1. This is a petition under Article 226 of the Constitution of India by the President of the Municipal Committee, Badnera, for a suitable order or direction, or writ, to quash notification No. 4688-5656-M-XIII, dated October 10, 1956, published in the Madhya Pradesh Gazette dated October 12, 1956.
2. The undisputed facts are that the petitioner is a tax-payer and a voter of the Municipal Committee, Badnera. He was duly elected as the President of the said Committee on May 12, 1954 (The election of the President under the Central Provinces and Berar Municipalities Act is direct). Similarly, the Committee was constituted on May 12, 1954. The Government by notification No. 4638-5656-M-XIII, dated October 10, 1956, issued under Section 53-A of the Central Provinces and Berar Municipalities Act, 1922 (II of 1922), appointed Shri S.S. Chaube, Naib Tahasildar, as the Executive Officer of the Municipal Committee for a period of eighteen months from the date of his taking over charge and directed that Shri Chaube shall exercise and perform powers, duties and functions of the committee, president, vice-president and secretary to the exclusion of the committee, president, vice-president and secretary under certain provisions of the Act mentioned in the said notification. The petitioner has come to this Court under Article 226 of the Constitution to quash this notification.

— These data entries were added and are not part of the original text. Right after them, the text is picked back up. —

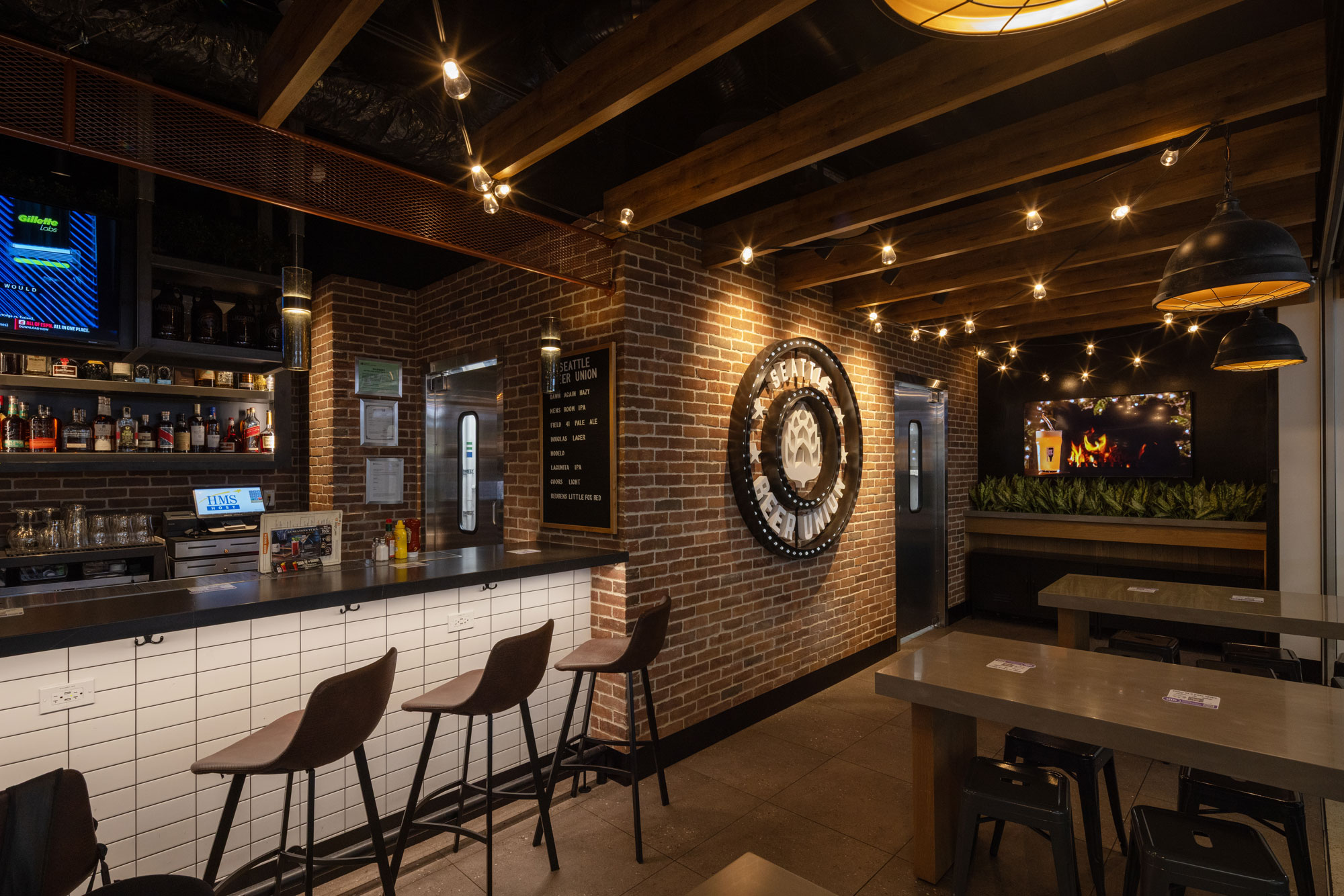 Seattle Beer Union Interior with bar seating and tables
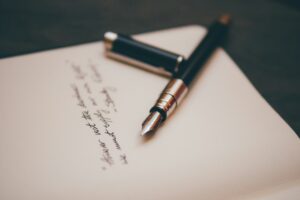 Fountain pen resting on cream stationery, ready to sign a Spanish will for a British property owner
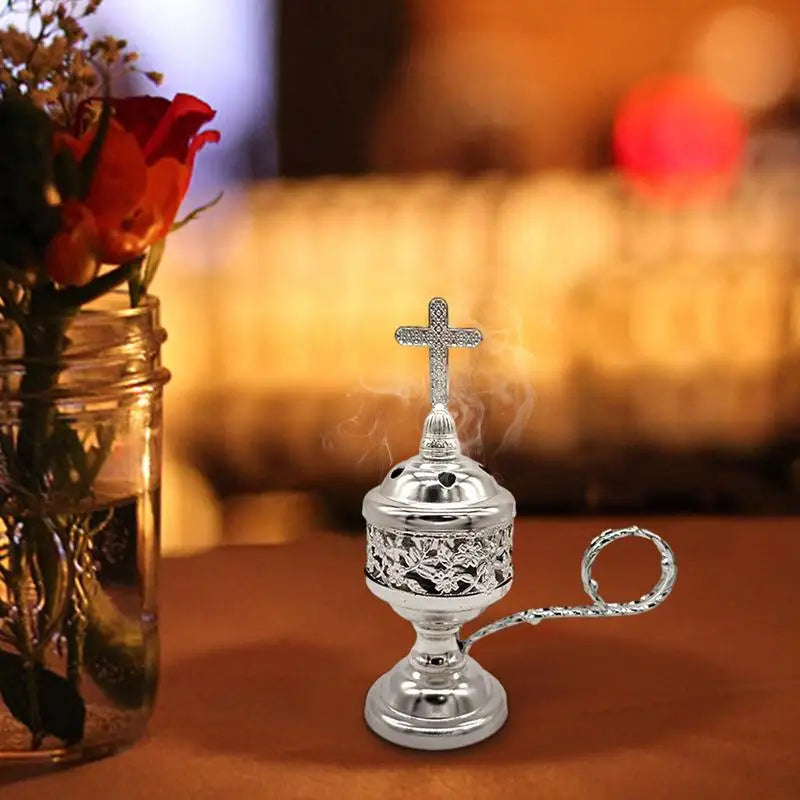 Silver incense burner with a cross on top, emitting smoke, next to a vase of red flowers.
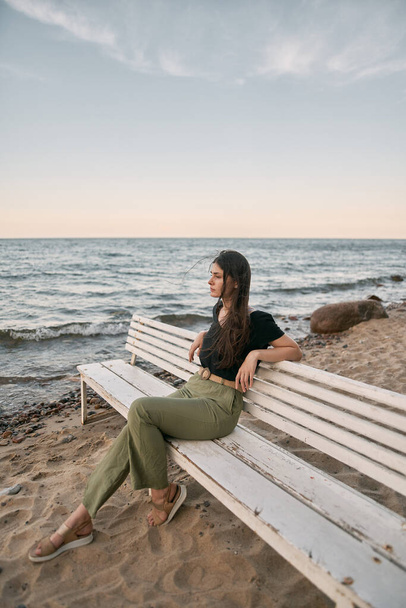 Spokój dziewczyna z ciemnymi włosami siedzi na białej ławce na brzegu morza. - Zdjęcie, obraz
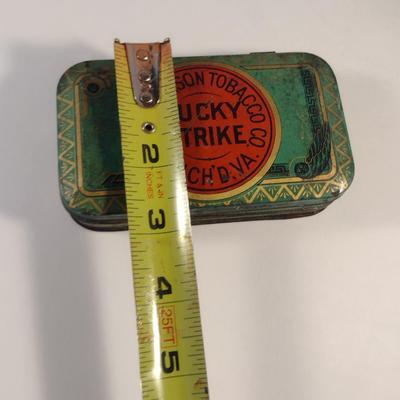Sale Photo Thumbnail #177: Antique Lucky Strike Tobacco Tin- Circa 1920's- Approx 4 1/4" x 2 3/4" x 1 1/4" Tall.  Please see all pictures for condition.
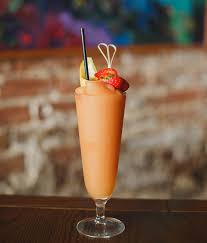The Rose Tattoo frozen strawberry daiquiri in a tall glass with a decorative garnish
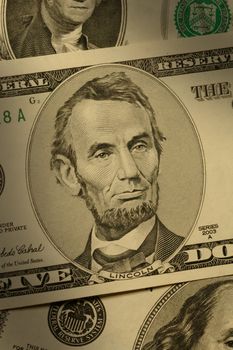 Close-up of Abraham Lincoln on the $5 bill, dramatically lit.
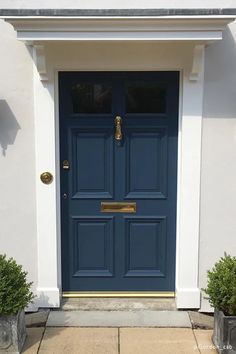 a blue front door with two planters on either side and one potted plant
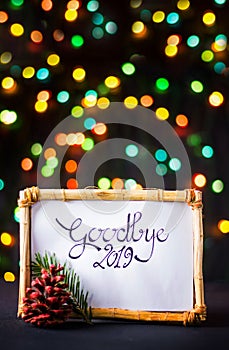 Goodbye 2019 New Year note with colorful background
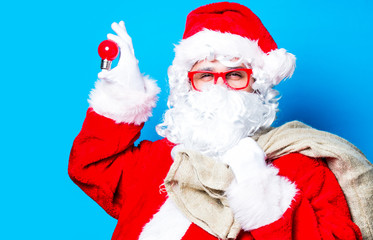 Fototapeta na wymiar Funny Santa Claus have a fun with light bulb on blue background
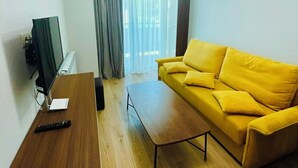 Ein modernes Wohnzimmer mit einem gelben Sofa, einem Holztisch, einem Fernseher auf einem Schrank und einem großen Fenster mit Vorhängen.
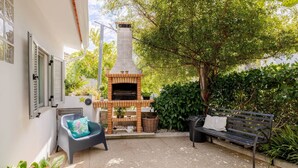 A patio with a brick-built outdoor oven, a bench, and a chair with a cushion.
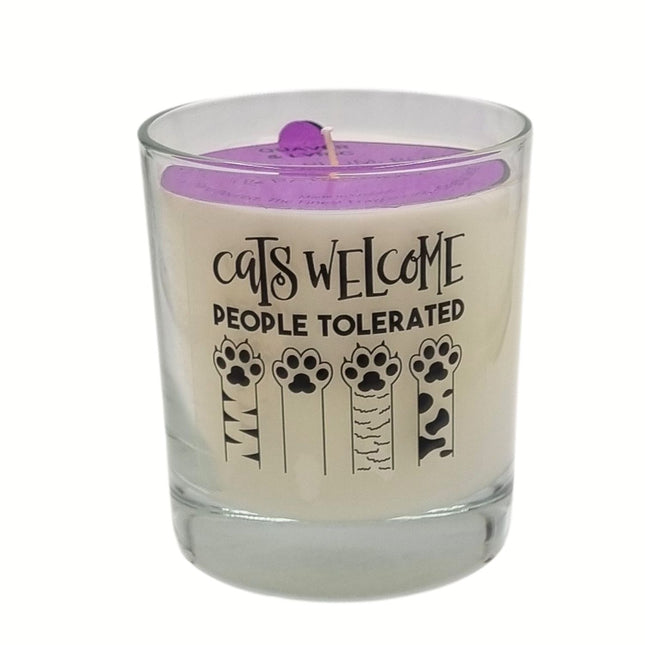 The Quaver&Lyric Funny Cat Lover Gift Scented Glass Container Candle (30cl) features a purple top and the words CATS WELCOME PEOPLE TOLERATED above four illustrated cat paws.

3. Before we proceed to deal with the application on merits, it is necessary to dispose of certain preliminary objections raised by the respondent. It is contended that the petitioner has no right to file this petition on behalf of the Municipal Committee. Allegations in para. 1 of the petition show that the petitioner purports to make this application on behalf of the Municipal Committee also. This contention is well founded. The petitioner has no right to act on behalf of the Municipal Committee. The petitioner, however, in para. 1 has stated that he was making this petition on his own behalf as well as on behalf of the Committee. The petitioner, therefore, will be allowed to prosecute the petition only on his own behalf, and not on behalf of the Municipal Committee.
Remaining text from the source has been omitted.